# [Data extract]
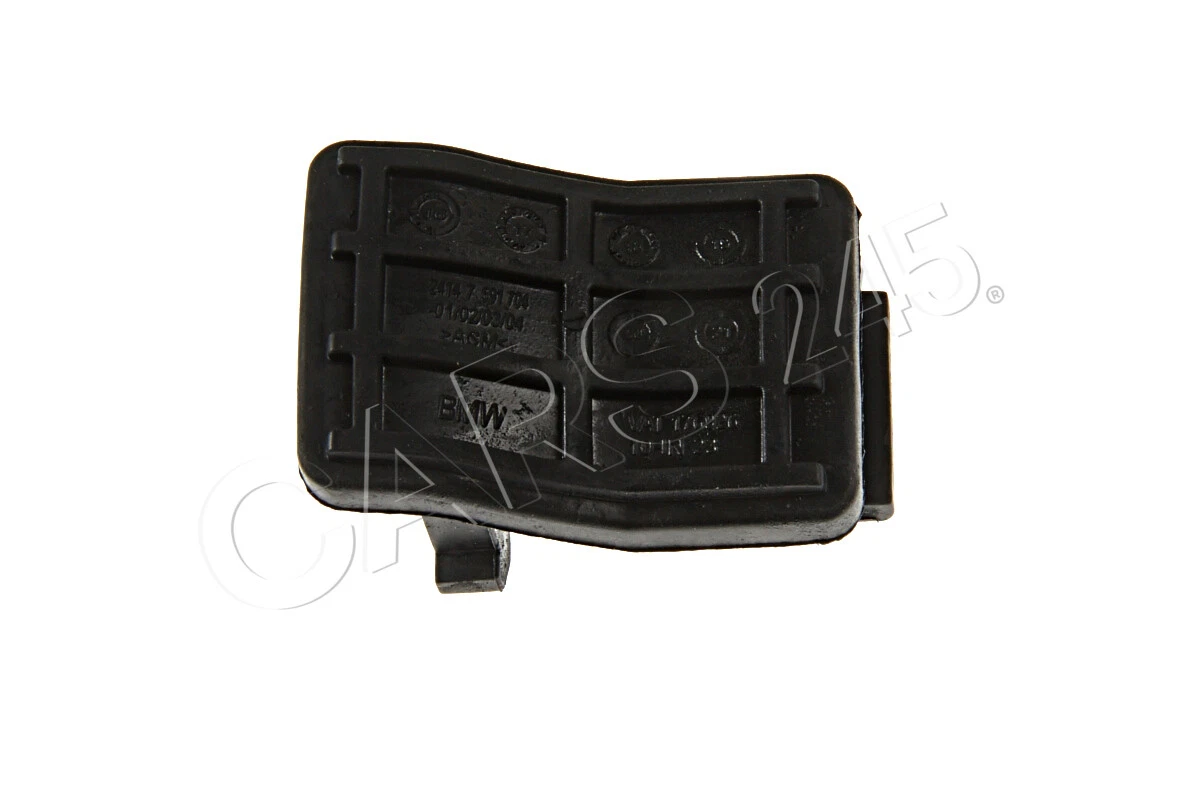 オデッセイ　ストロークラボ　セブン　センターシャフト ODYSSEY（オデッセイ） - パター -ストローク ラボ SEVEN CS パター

---

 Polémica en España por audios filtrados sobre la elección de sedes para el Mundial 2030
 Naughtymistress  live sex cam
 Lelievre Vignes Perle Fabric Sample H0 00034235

==

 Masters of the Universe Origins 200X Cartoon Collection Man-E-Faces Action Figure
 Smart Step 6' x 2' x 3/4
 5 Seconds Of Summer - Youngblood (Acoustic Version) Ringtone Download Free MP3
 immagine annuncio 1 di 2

# [What you will do]
Out of the data above, set down the lines from the one with "live sex cam" to the one with "Lelievre Vignes Perle", both included, exactly as written and with no additions.

# [Written answer]
 Naughtymistress  live sex cam
 Lelievre Vignes Perle Fabric Sample H0 00034235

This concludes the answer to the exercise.